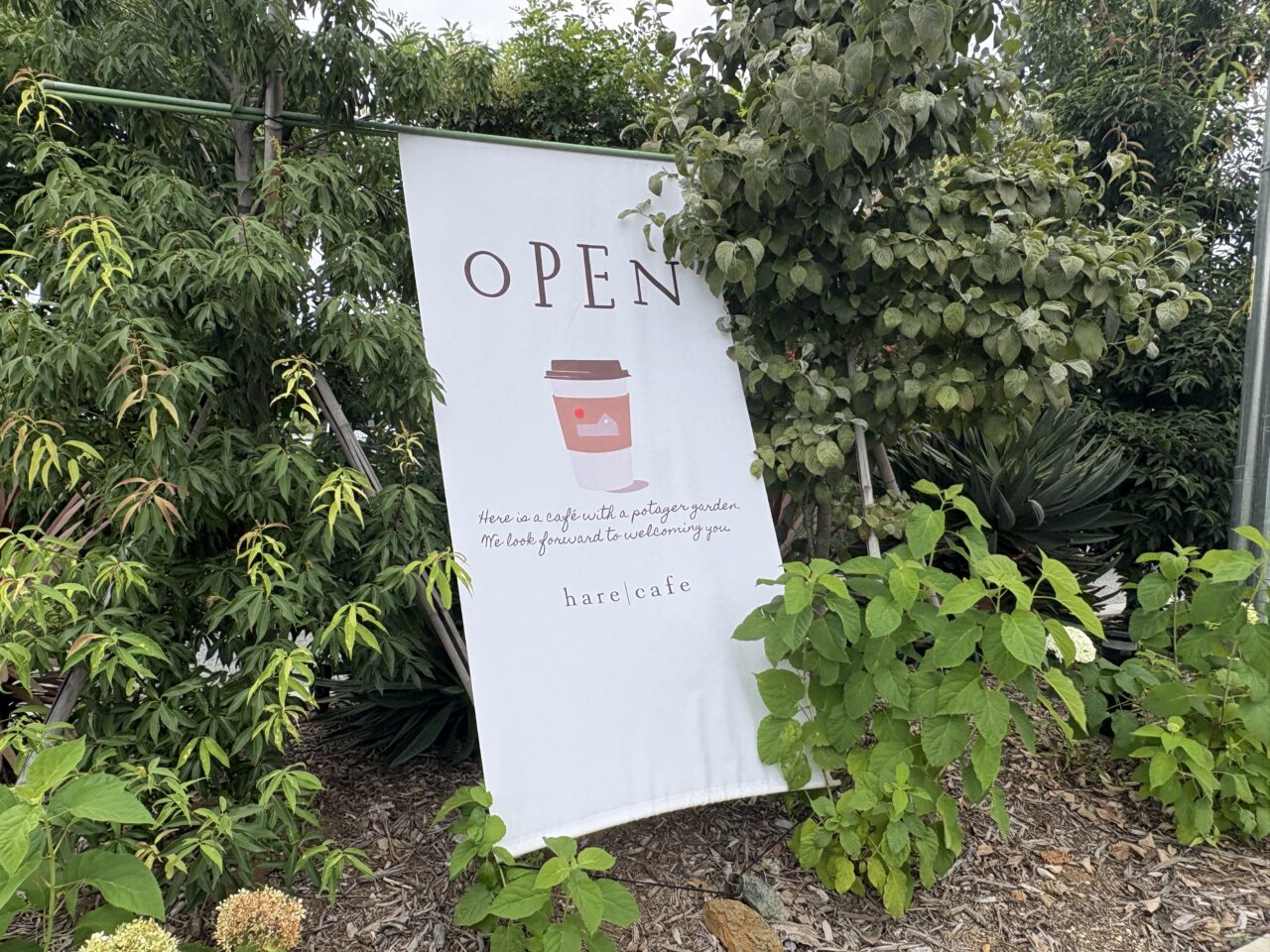 hare cafe（ハレカフェ）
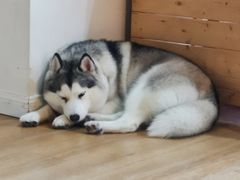 -Husky Go! 哈士奇体验馆·宠物咖啡厅狗咖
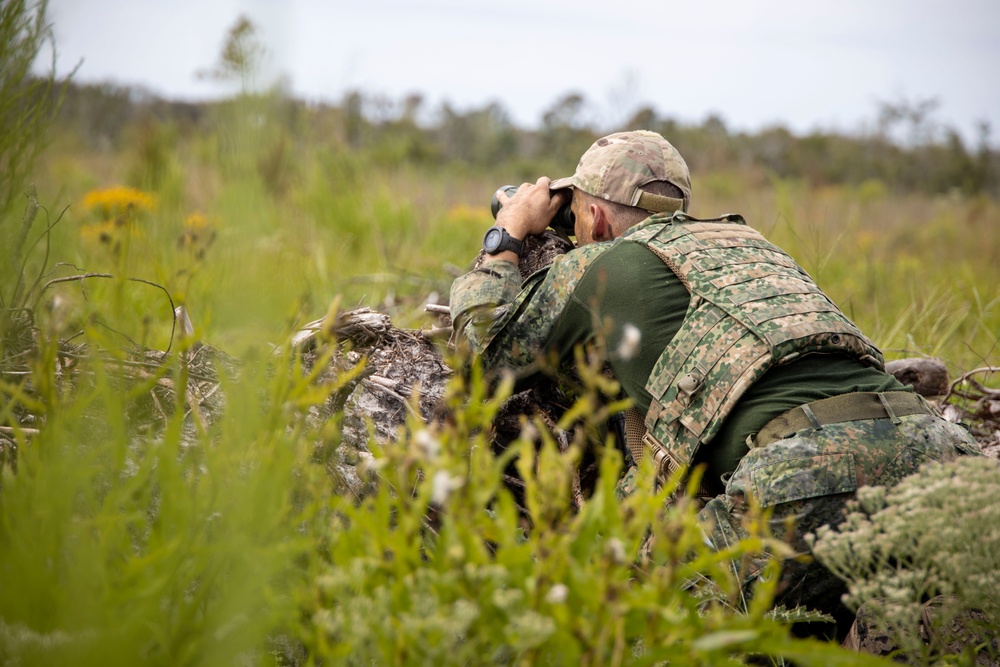 2nd ANGLICO and NATO Allies conduct CAS Training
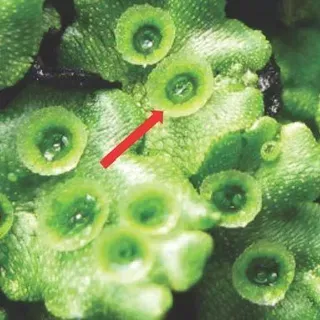 thumbnail for publication: Biology and Management of Liverwort (Marchantia polymorpha) in Ornamental Crop Production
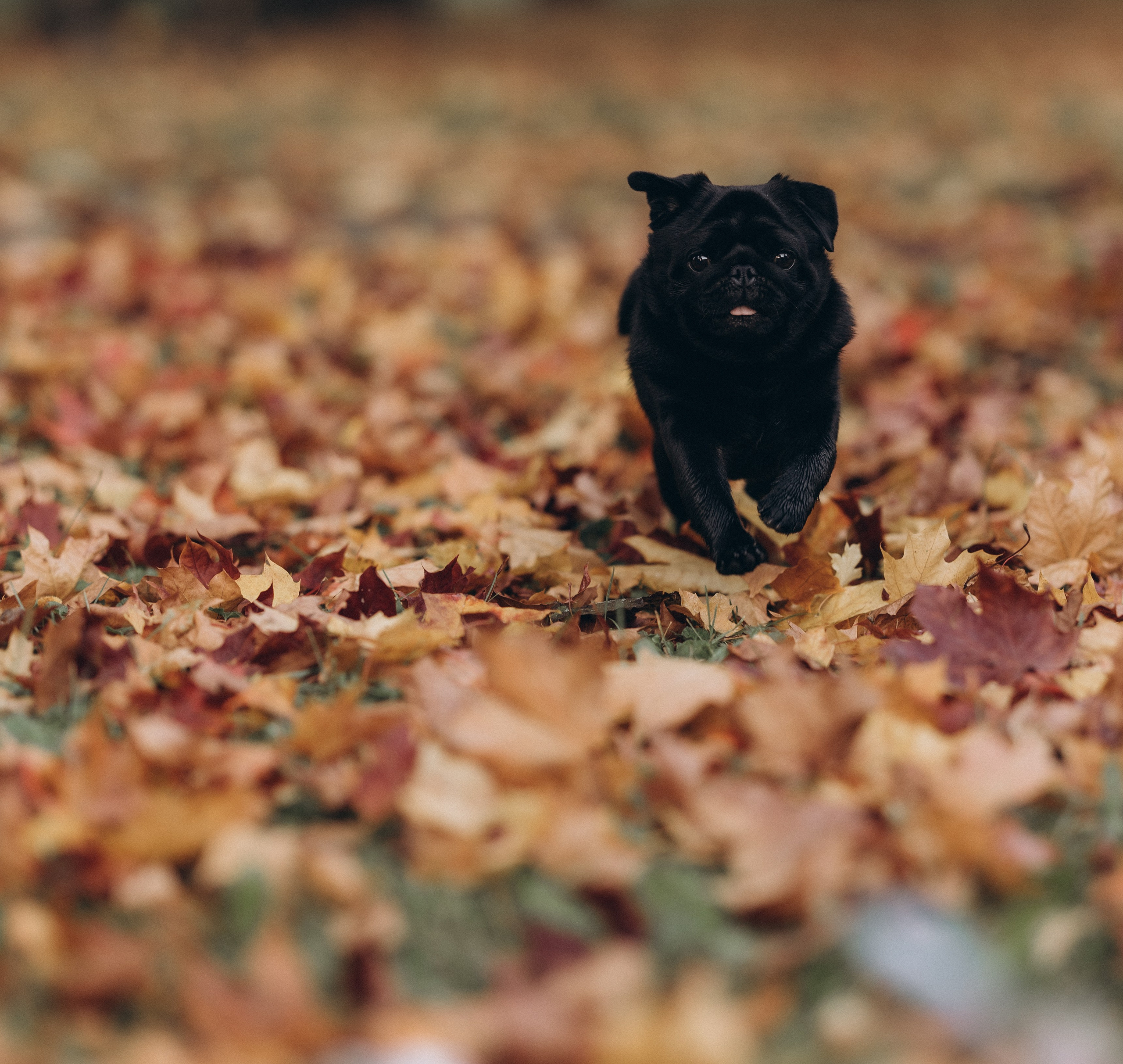 Варя, Ваня и Чарли. Татьяна Афонина | Фотограф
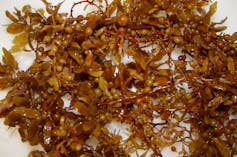 Brown Sargassum seaweed.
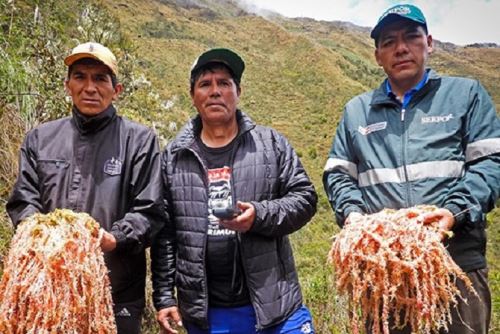 ANDEl Serfor destacó que el aprovechamiento sostenible del musgo andino ayudará a impulsar el desarrollo de las comunidades rurales de Junín. ANDINA/Difusión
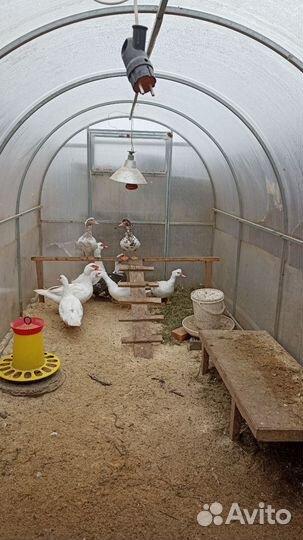 Мускусные утки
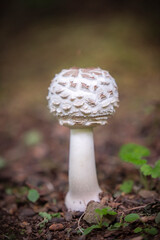 Beautiful brown and white mushroom in the forest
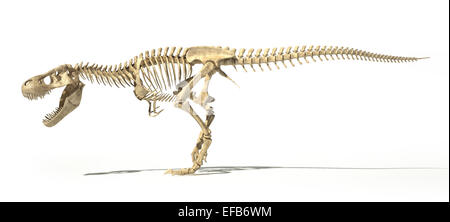 T-Rex dinosauro foto-realistica e scientificamente corretta e piena scheletro in posa dinamica, vista laterale. Su sfondo bianco Foto Stock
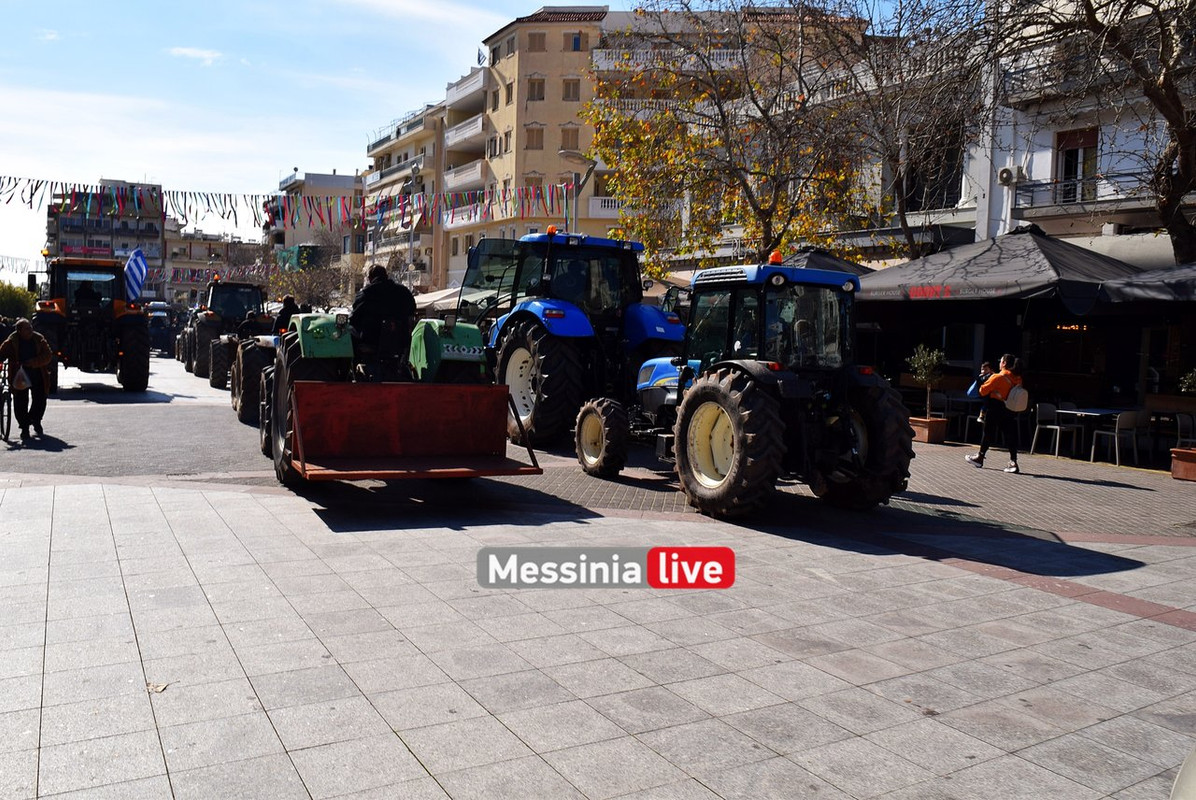 agrotes-DSC-0884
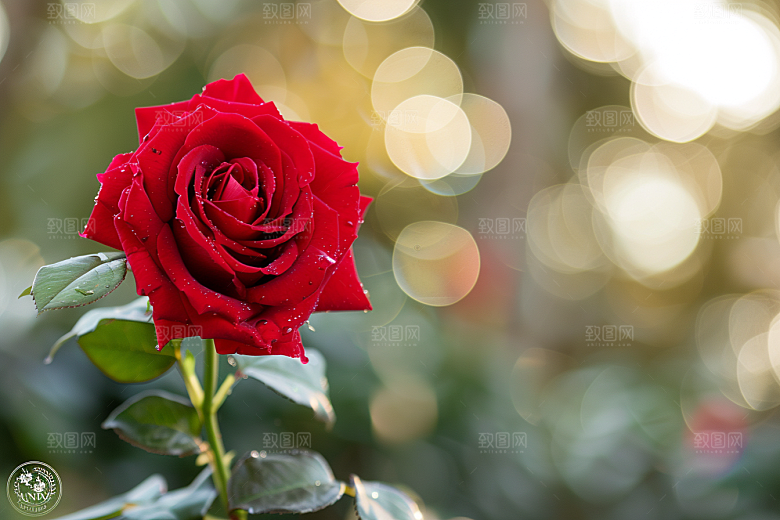 月季花花卉花朵素材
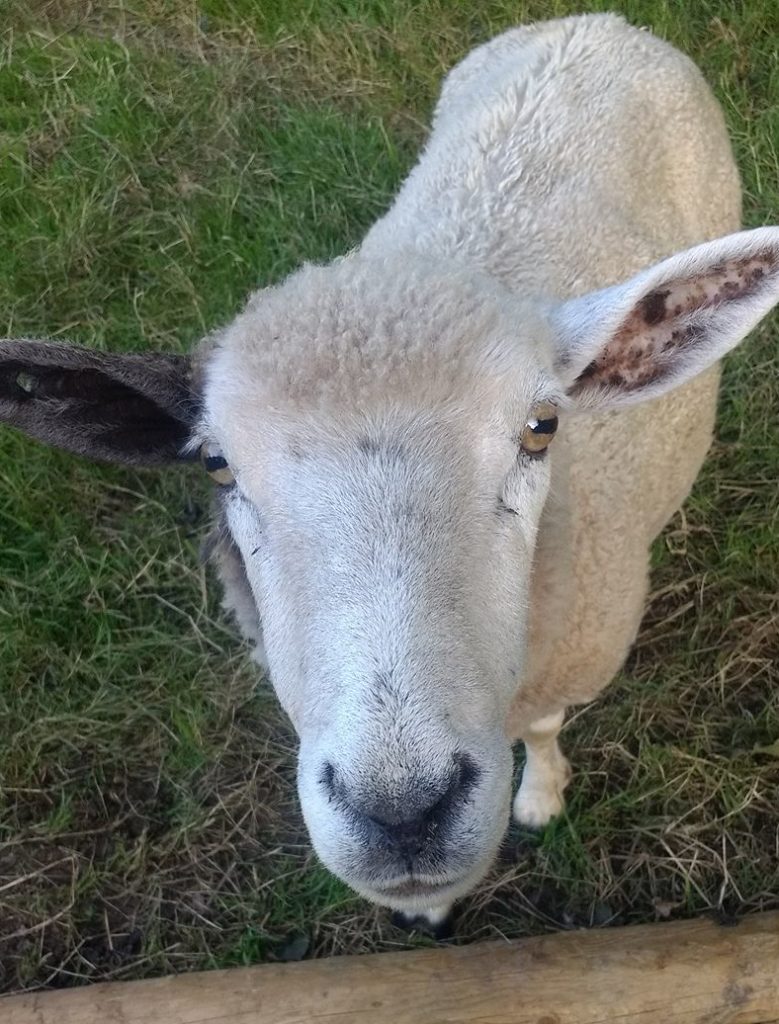 Hope Sheep Ahoy Animal Rescue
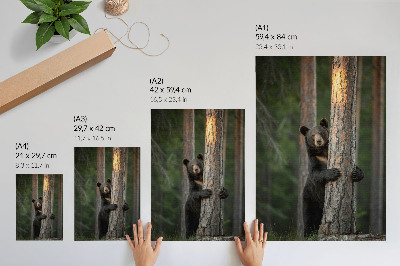 Poster Orso nella foresta, composizione realistica
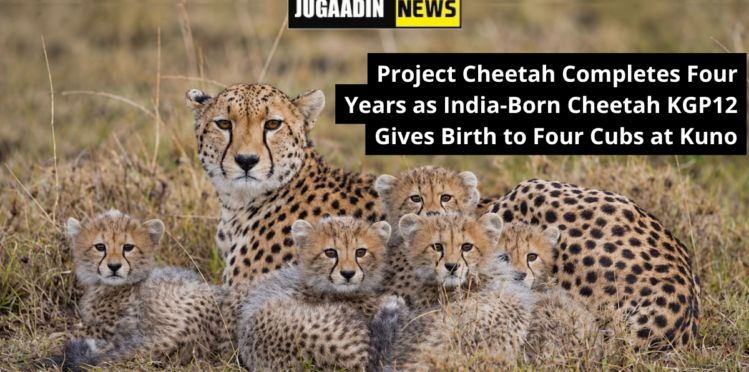 Cheetah mother KGP12 with four cubs at Kuno National Park, highlighting India’s growing cheetah population under Project Cheetah.
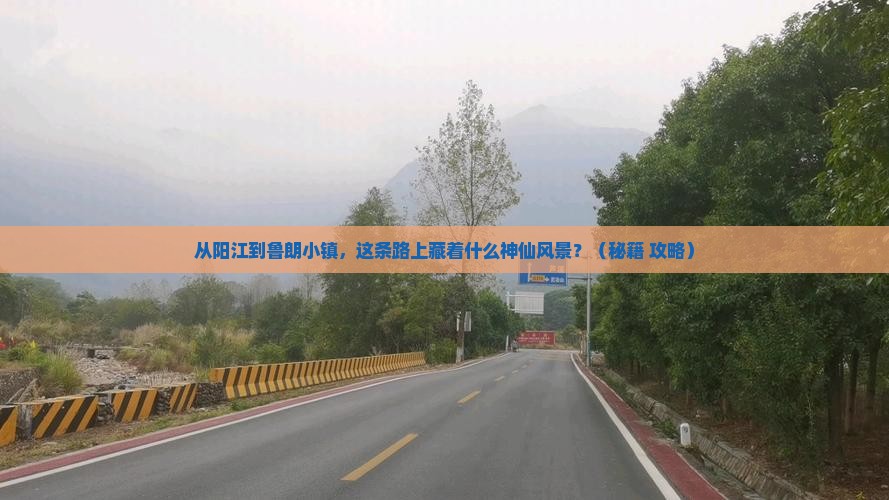 阳江到西藏鲁朗小镇哪里玩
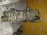 МКПП Subaru EJ205 TY755VH4AA 4WD 40/9 Forester SG5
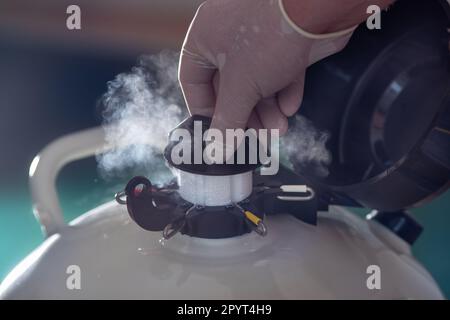 Close up of veterinarian hand with gloves opening liquid nitrogen tank with bull sperm for artificial insemination of cows Stock Photo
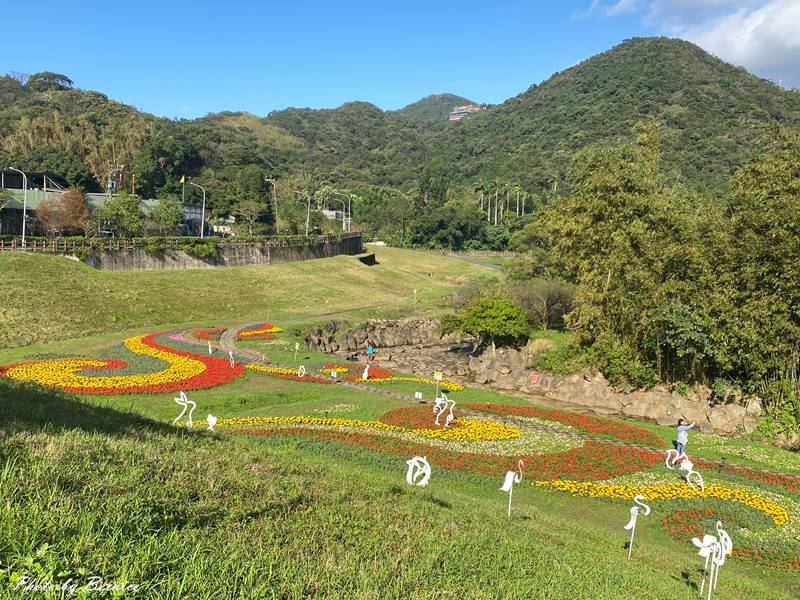 大溝溪冬日花海~花海漫綻放感受冬季限定的繽紛魅力 @Bernice的隨手筆記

· · · ·

__TASK TO CARRY OUT__. With pictures excluded, copy exactly the lines from the line containing "Hope Sheep Ahoy Animal Rescue" through the last line of the listing above, both ends included.

__ANSWER__.
 Hope Sheep Ahoy Animal Rescue
 Poster Orso nella foresta, composizione realistica
 Cheetah mother KGP12 with four cubs at Kuno National Park, highlighting India’s growing cheetah population under Project Cheetah.
 阳江到西藏鲁朗小镇哪里玩
 МКПП Subaru EJ205 TY755VH4AA 4WD 40/9 Forester SG5
 Close up of veterinarian hand with gloves opening liquid nitrogen tank with bull sperm for artificial insemination of cows Stock Photo
 大溝溪冬日花海~花海漫綻放感受冬季限定的繽紛魅力 @Bernice的隨手筆記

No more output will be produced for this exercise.